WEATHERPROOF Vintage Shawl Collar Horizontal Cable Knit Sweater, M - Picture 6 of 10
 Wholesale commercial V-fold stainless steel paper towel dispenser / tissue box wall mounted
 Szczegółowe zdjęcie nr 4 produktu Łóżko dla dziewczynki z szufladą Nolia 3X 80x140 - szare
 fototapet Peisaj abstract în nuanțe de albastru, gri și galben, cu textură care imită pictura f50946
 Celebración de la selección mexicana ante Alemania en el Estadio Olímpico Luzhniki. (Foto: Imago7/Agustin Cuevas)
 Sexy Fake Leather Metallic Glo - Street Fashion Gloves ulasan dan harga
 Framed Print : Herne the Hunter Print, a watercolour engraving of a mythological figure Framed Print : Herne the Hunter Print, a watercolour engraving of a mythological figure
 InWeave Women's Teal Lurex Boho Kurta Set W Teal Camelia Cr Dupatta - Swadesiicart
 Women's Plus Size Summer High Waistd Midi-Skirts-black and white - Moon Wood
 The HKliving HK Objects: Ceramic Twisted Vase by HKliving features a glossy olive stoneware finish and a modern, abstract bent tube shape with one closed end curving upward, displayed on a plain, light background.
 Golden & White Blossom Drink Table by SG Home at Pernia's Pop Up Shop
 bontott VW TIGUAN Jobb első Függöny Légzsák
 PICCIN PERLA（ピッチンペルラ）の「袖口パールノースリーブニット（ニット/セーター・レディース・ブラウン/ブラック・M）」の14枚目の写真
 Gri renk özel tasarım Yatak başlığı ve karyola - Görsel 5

WORK TASK: Your answer must be the records above, repeated exactly.

EXPECTED ANSWER:
WEATHERPROOF Vintage Shawl Collar Horizontal Cable Knit Sweater, M - Picture 6 of 10
 Wholesale commercial V-fold stainless steel paper towel dispenser / tissue box wall mounted
 Szczegółowe zdjęcie nr 4 produktu Łóżko dla dziewczynki z szufladą Nolia 3X 80x140 - szare
 fototapet Peisaj abstract în nuanțe de albastru, gri și galben, cu textură care imită pictura f50946
 Celebración de la selección mexicana ante Alemania en el Estadio Olímpico Luzhniki. (Foto: Imago7/Agustin Cuevas)
 Sexy Fake Leather Metallic Glo - Street Fashion Gloves ulasan dan harga
 Framed Print : Herne the Hunter Print, a watercolour engraving of a mythological figure Framed Print : Herne the Hunter Print, a watercolour engraving of a mythological figure
 InWeave Women's Teal Lurex Boho Kurta Set W Teal Camelia Cr Dupatta - Swadesiicart
 Women's Plus Size Summer High Waistd Midi-Skirts-black and white - Moon Wood
 The HKliving HK Objects: Ceramic Twisted Vase by HKliving features a glossy olive stoneware finish and a modern, abstract bent tube shape with one closed end curving upward, displayed on a plain, light background.
 Golden & White Blossom Drink Table by SG Home at Pernia's Pop Up Shop
 bontott VW TIGUAN Jobb első Függöny Légzsák
 PICCIN PERLA（ピッチンペルラ）の「袖口パールノースリーブニット（ニット/セーター・レディース・ブラウン/ブラック・M）」の14枚目の写真
 Gri renk özel tasarım Yatak başlığı ve karyola - Görsel 5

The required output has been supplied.